There are also many parodies of the song, including a parody called "Ugly Girl", with an unverified author (often wrongly credited to "Weird Al" Yankovic, Adam Henderson, or Jack Off Jill) . German duo Lynne & Tessa made a lip-synched Internet video of the song in 2006, and on British Indian sketch comedy show Goodness Gracious Me, where a version titled "Punjabi Girl" was featured in the radio series and later on television, performed by Asifa Lahore. In 2012, the song was parodied in an Australian lamb advertising campaign, relying on the Australian use of the term "barbie" to refer to the outdoor barbecue popularly held in Australia. The advertisement starred Melissa Tkautz and Sam Kekovich. In 2014, the song was used in the South Park season 18 episode "Cock Magic". Ava Max recorded a version with new lyrics, titled "Not Your Barbie Girl", for her album Heaven & Hell in 2018.

===Kelly Key version===

In 2005, Brazilian recording artist Kelly Key recorded a version in Portuguese for her third studio album Kelly Key, which was released as the album's second single on 15 August 2005. Key said she loved the song and wanted to cover it as a tribute to the original, stating: "I've loved this song ever since I heard it. I made a point of recording it, without worrying about whether it was for my audience or not."

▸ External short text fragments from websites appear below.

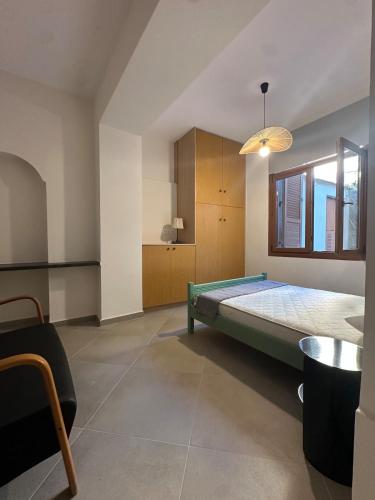 Inolia Residence Aura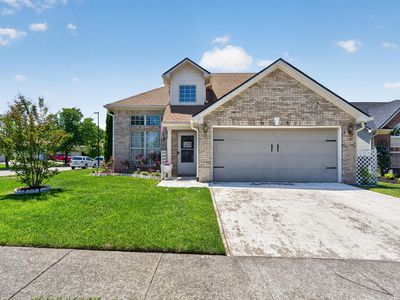 2700 Green Valley Ct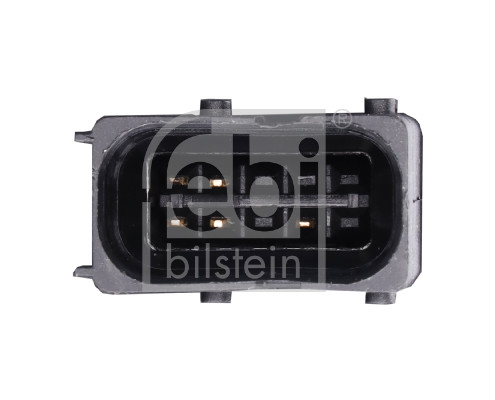 Febi 1004196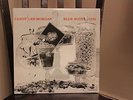 Candy [LP] by Lee (Trumpet) Morgan (Vinyl, Jun-2004, Blue Note Records USA)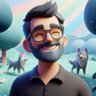 Juanill👁️'s profile picture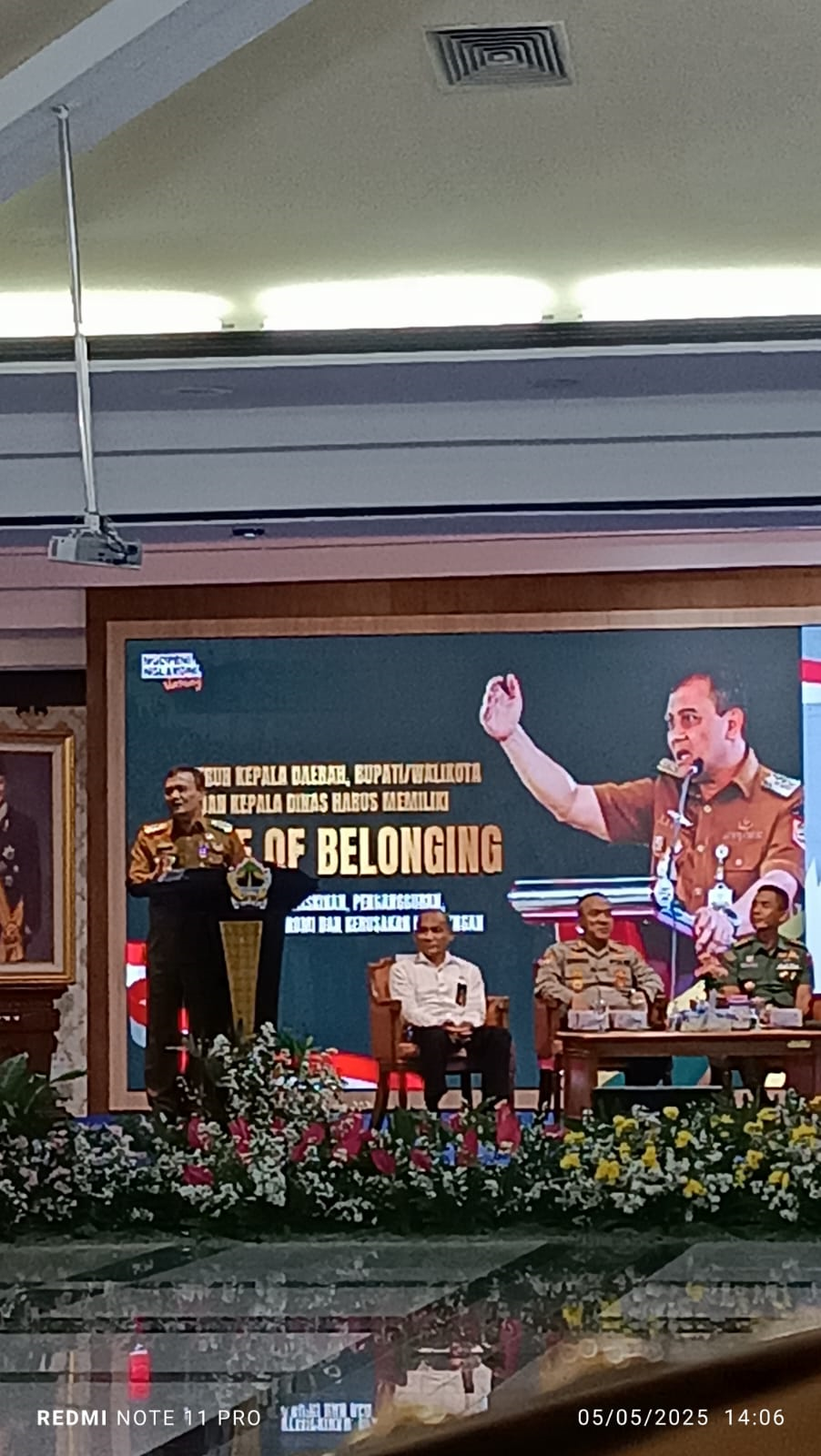 Musrenbang_Prov__Jateng_5_Mei_20255.png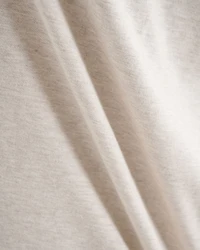 T-shirt Un en molleton Nuage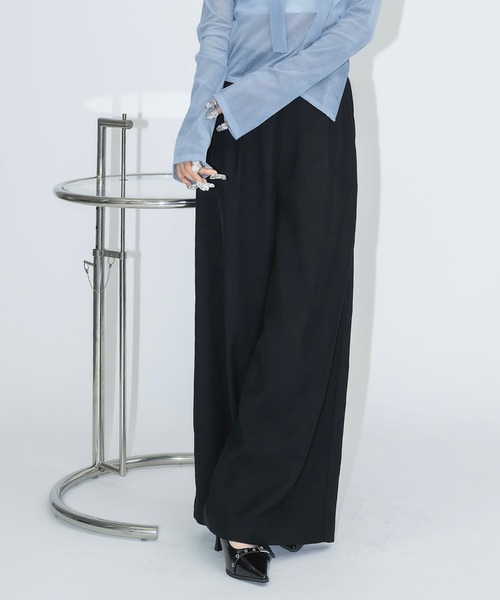 JOURNAL STANDARD（ジャーナルスタンダード）の「【STANDARD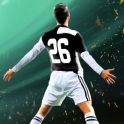 Football Cup 2026 - Футбол 26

"Barbie Girl" received generally negative reviews from music critics. Vinícius Versiani Durães of IMHO felt it was humorous and would later become a hit. Marcos Paulo Bin of Universo Musical commented that the song was significantly different from her previous releases, which were known for explicit lyrics, but ultimately give it a positive review. Rodrigo Ortega of Pilula Pop said "Barbie Girl" was sensational and funny, calling it the best song on the album. He also stated that Key should have released "Escuta Aqui Rapaz" as her first single because "the song was boring", but "Barbie Girl" saved the album. Carlos Eduardo Lima of Scream & Yell said the song was "childish, silly and boring" and killed Kelly Key's status as a sex symbol.

The music video for "Barbie Girl" was directed by Ricardo Vereza, Bidu Madio, Rentz and Mauricio Eça. It was filmed on 17 and 18 August, later premiering on 30 August. The video features Key playing a determined and feminist woman.

A YouTube video of Czech model Dominika Myslivcová lip syncing to the song became a viral video worldwide. Due to its success, it has often been wrongly attributed to Myslivcová.

====Track listing====
1. "Barbie Girl" – 3:20
2. "Barbie Girl" (Cuca Mix) – 5:12
3. "Barbie Girl" (Music video) – 3:23

====Release history====

| Region | Date | Format | Label |
|---|---|---|---|
| Brazil | 15 August 2005 | Mainstream radio | Warner Music |

==References in media==
Environmental movements, like Fridays for Future, when trying to bring attention to the heavy amounts of plastic thrown by humans into the seas, have referred the song lyrics in their slogans with the words "Life in plastic is not fantastic".

In 2022, British singer Tom Aspaul named his album Life in Plastic after a line from the song.